> _PROBLEM TO SOLVE_: Skipping any pictures, repeat exactly and only the lines from the one that holds "Green frog on" to the last line of the material, both included.

> _GIVEN MATERIAL_:
━━━
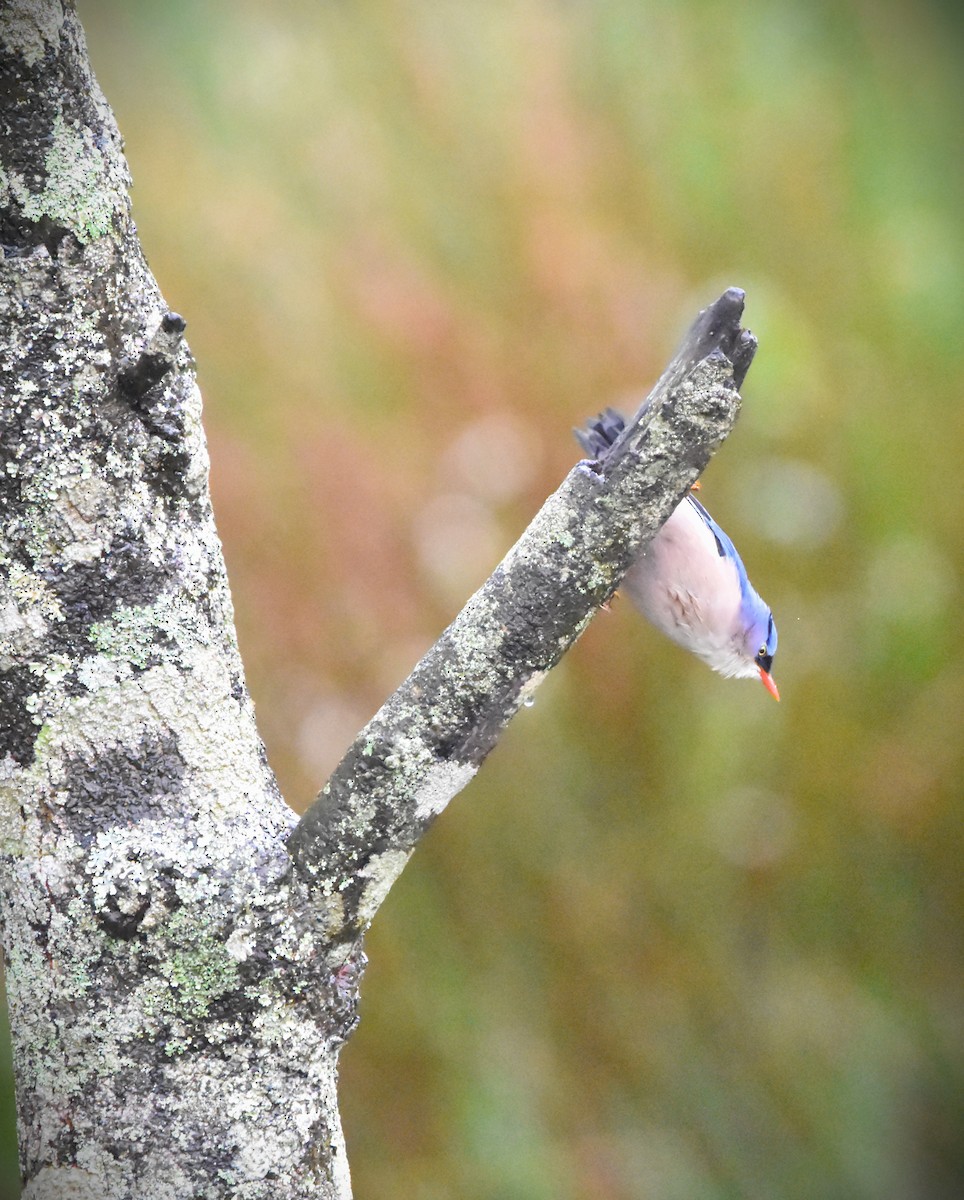 Velvet-fronted Nuthatch - ML647896625
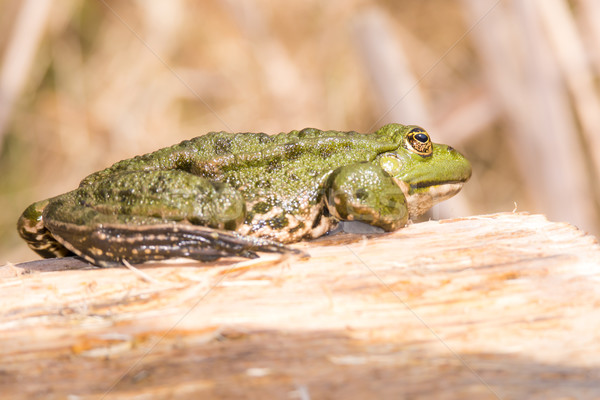 Green frog on a piece of wood Stock photo © manfredxy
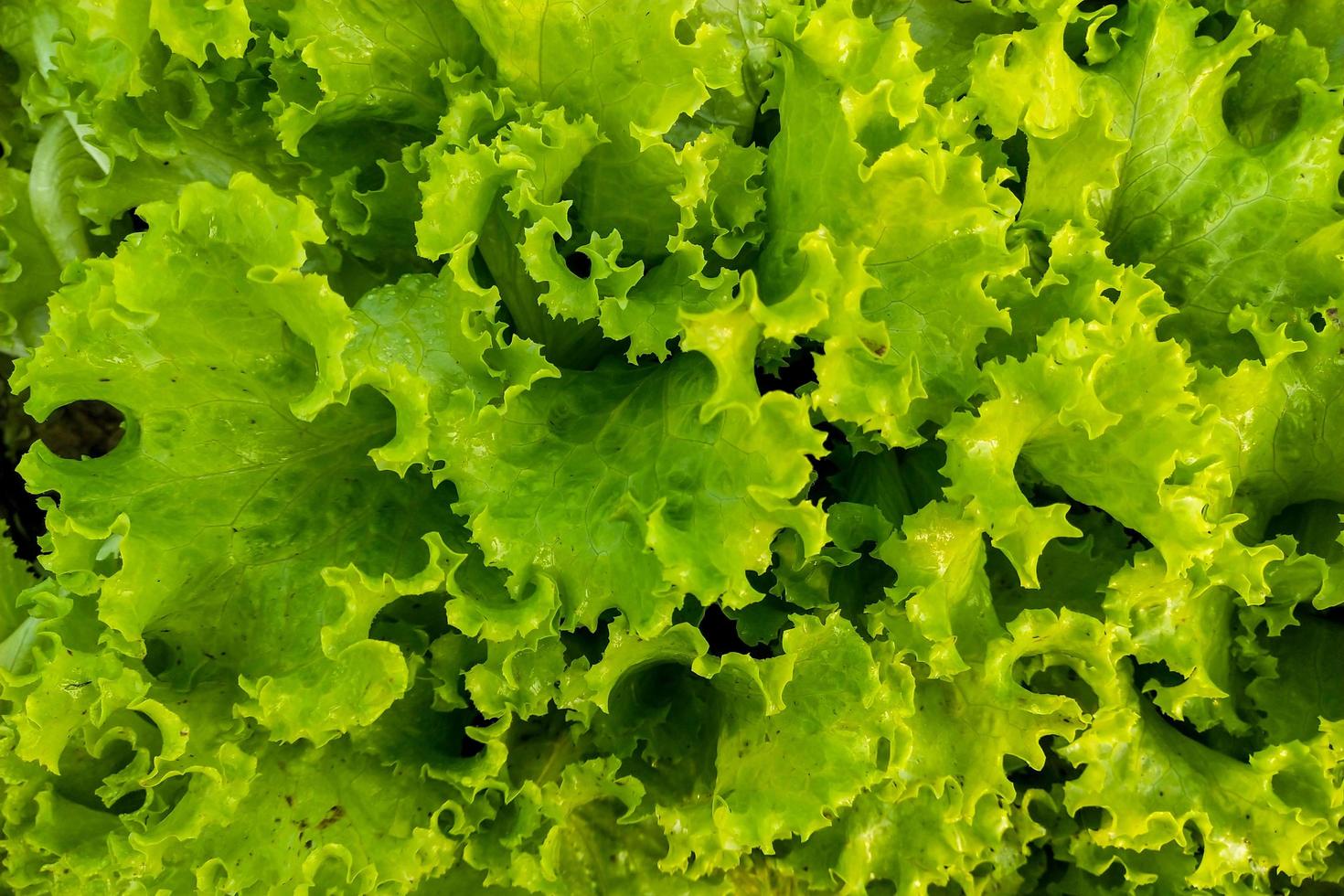 färsk grön sallad i trädgården för bakgrund foto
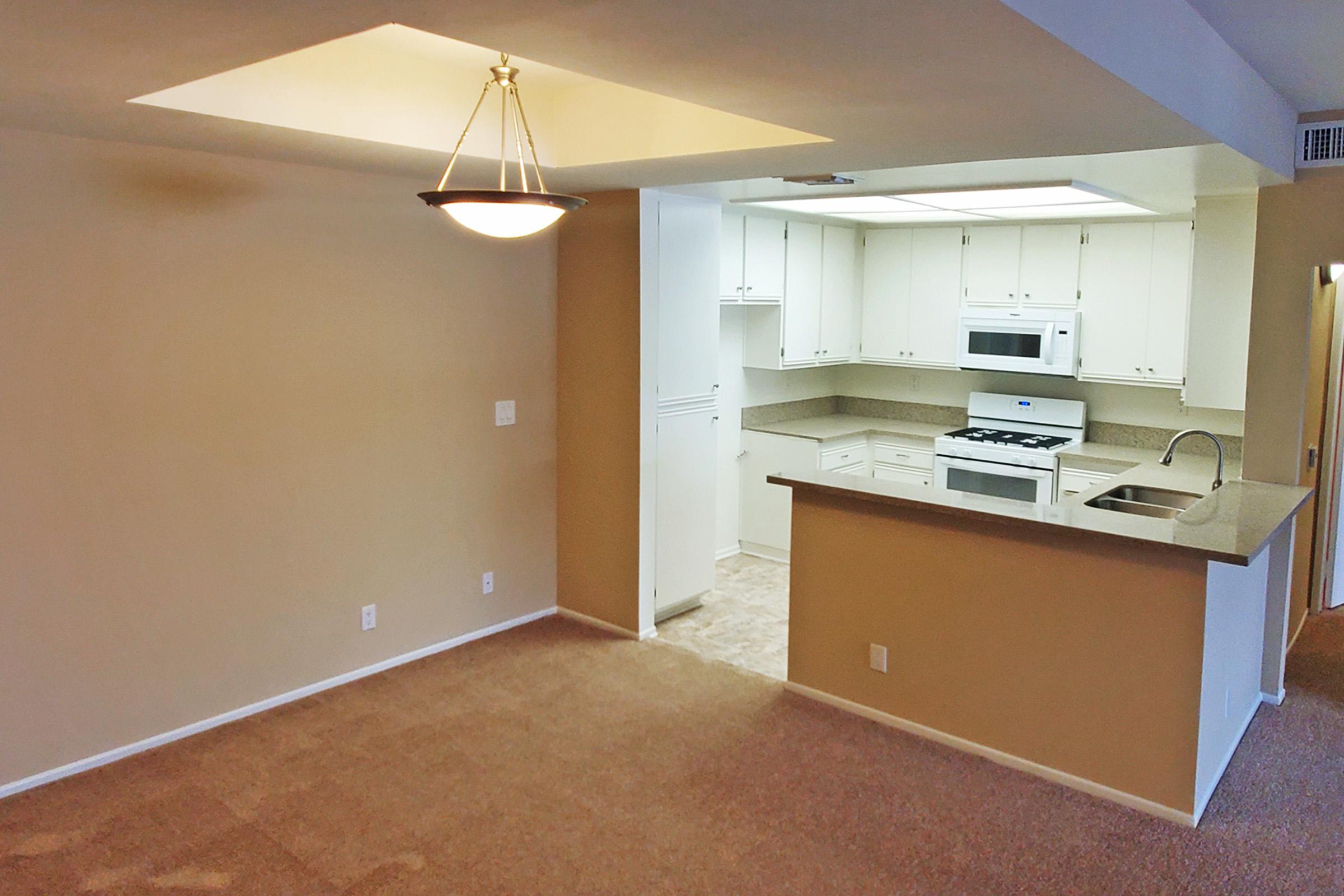 Living Room - Kitchen.jpg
━━━
> _SOLUTION TO THIS TASK_:
 Green frog on a piece of wood Stock photo © manfredxy
 färsk grön sallad i trädgården för bakgrund foto
 Living Room - Kitchen.jpg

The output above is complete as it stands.